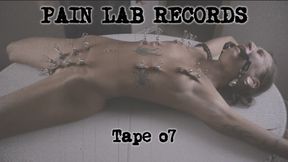 PAIN LAB RECORDS | Tape 07: Reverse Hogtie Clamp Test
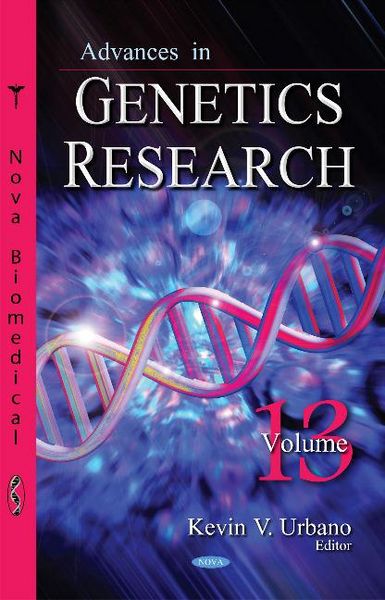 Produktbild: Advances in Genetics Research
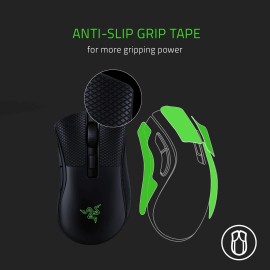 Razer DeathAdder v2 Mini Gaming Mouse: 8500K DPI Optical Sensor - 62g Lightweight Design - Chroma RGB Lighting - 6 Programmable Buttons - Anti-Slip Grip Tape Included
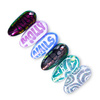 10+1 gratis Creative Flow Color Gel  - gel creativo per Nail Art per realizzare motivi morbidi e sfumati Molly Nails Navy Blue senza HEMA/Di-HEMA 5 g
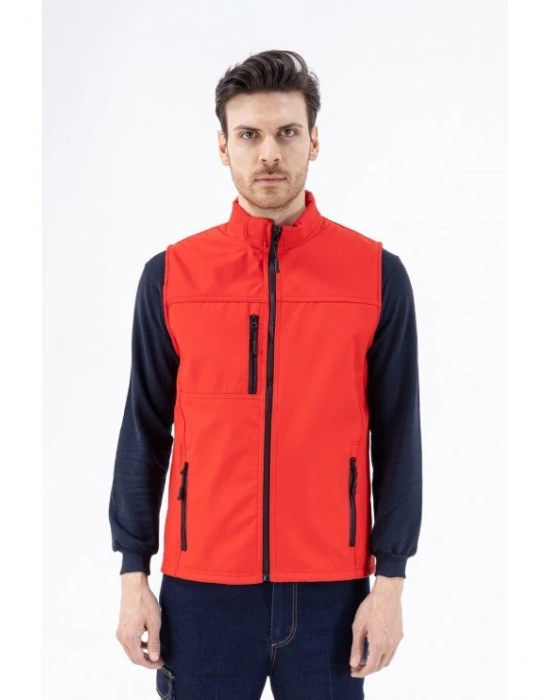 Dark Yelek  - Kırmızı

__________________________________________________

Your task is to repeat exactly the lines from the beginning of the data to the line that contains "Produktbild: Advances in Genetics Research", both ends included, leaving out pictures.

 PAIN LAB RECORDS | Tape 07: Reverse Hogtie Clamp Test
 Produktbild: Advances in Genetics Research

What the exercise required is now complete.